Kireeva Natalia V, Ovchinnikova Svetlana I, Kuznetsov Sergey L, Kazennov Andrey M, Tsivadze Aslan Yu
Frumkin Institute of Physical Chemistry and Electrochemistry RAS, Leninsky Prospect, 31a, 119071, Moscow, Russia,
J Comput Aided Mol Des. 2014 Feb;28(2):61-73. doi: 10.1007/s10822-014-9719-1. Epub 2014 Feb 4.
This study concerns large margin nearest neighbors classifier and its multi-metric extension as the efficient approaches for metric learning which aimed to learn an appropriate distance/similarity function for considered case studies. In recent years, many studies in data mining and pattern recognition have demonstrated that a learned metric can significantly improve the performance in classification, clustering and retrieval tasks. The paper describes application of the metric learning approach to in silico assessment of chemical liabilities. Chemical liabilities, such as adverse effects and toxicity, play a significant role in drug discovery process, in silico assessment of chemical liabilities is an important step aimed to reduce costs and animal testing by complementing or replacing in vitro and in vivo experiments. Here, to our knowledge for the first time, a distance-based metric learning procedures have been applied for in silico assessment of chemical liabilities, the impact of metric learning on structure-activity landscapes and predictive performance of developed models has been analyzed, the learned metric was used in support vector machines. The metric learning results have been illustrated using linear and non-linear data visualization techniques in order to indicate how the change of metrics affected nearest neighbors relations and descriptor space.

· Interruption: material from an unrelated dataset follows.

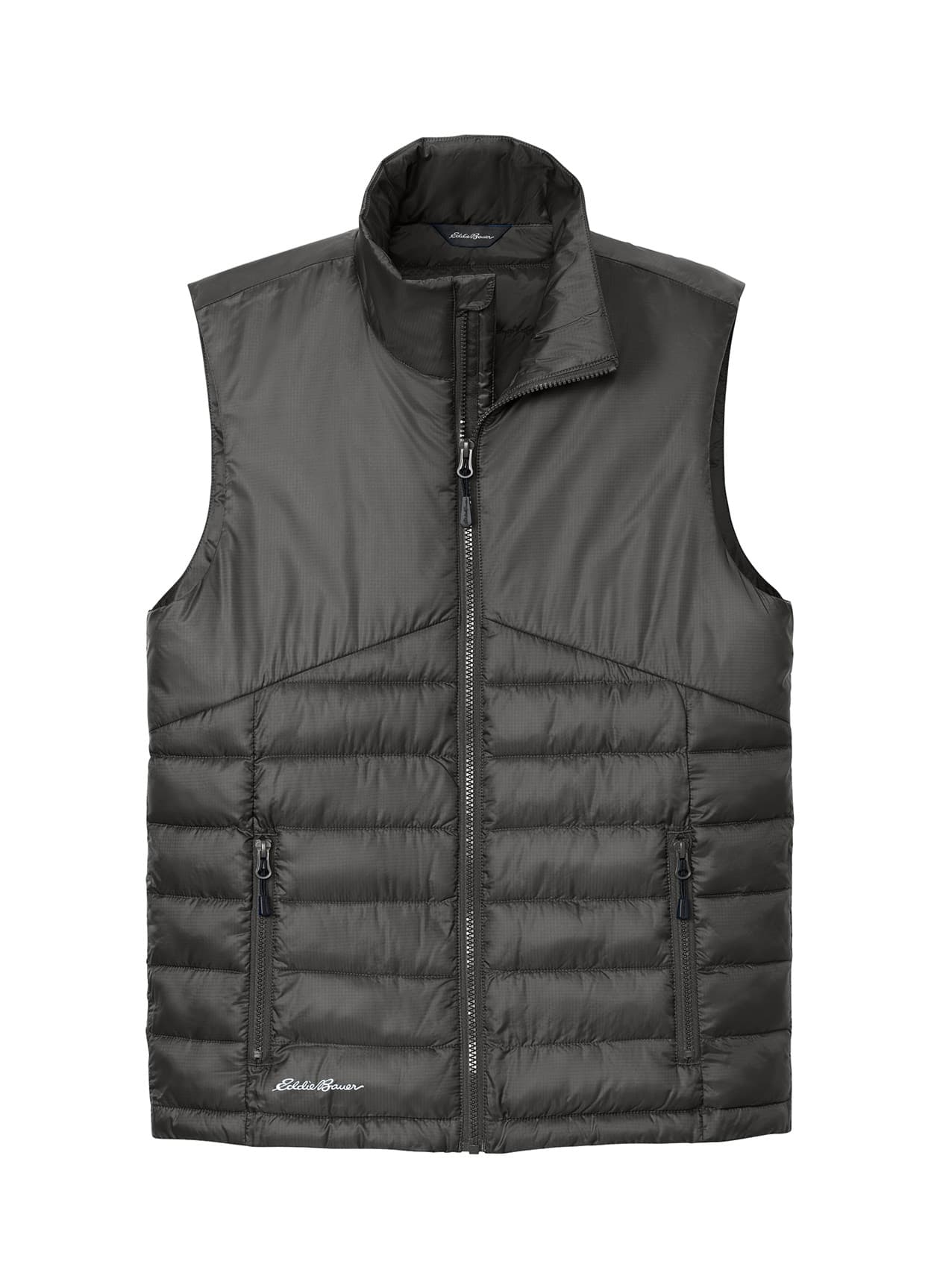 Eddie Bauer Men's Quilted Vest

本研究关注大间隔最近邻分类器及其多度量扩展,将其作为度量学习的有效方法,旨在为所考虑的案例研究学习合适的距离/相似性函数。近年来,数据挖掘和模式识别领域的许多研究表明,学习到的度量可以显著提高分类、聚类和检索任务的性能。本文描述了度量学习方法在化学性质的计算机模拟评估中的应用。化学性质,如不良反应和毒性,在药物发现过程中起着重要作用,化学性质的计算机模拟评估是通过补充或替代体外和体内实验来降低成本和动物试验的重要步骤。在此,据我们所知,基于距离的度量学习程序首次应用于化学性质的计算机模拟评估,分析了度量学习对构效关系图谱和所开发模型预测性能的影响,并将学习到的度量用于支持向量机。使用线性和非线性数据可视化技术展示了度量学习结果,以表明度量的变化如何影响最近邻关系和描述符空间。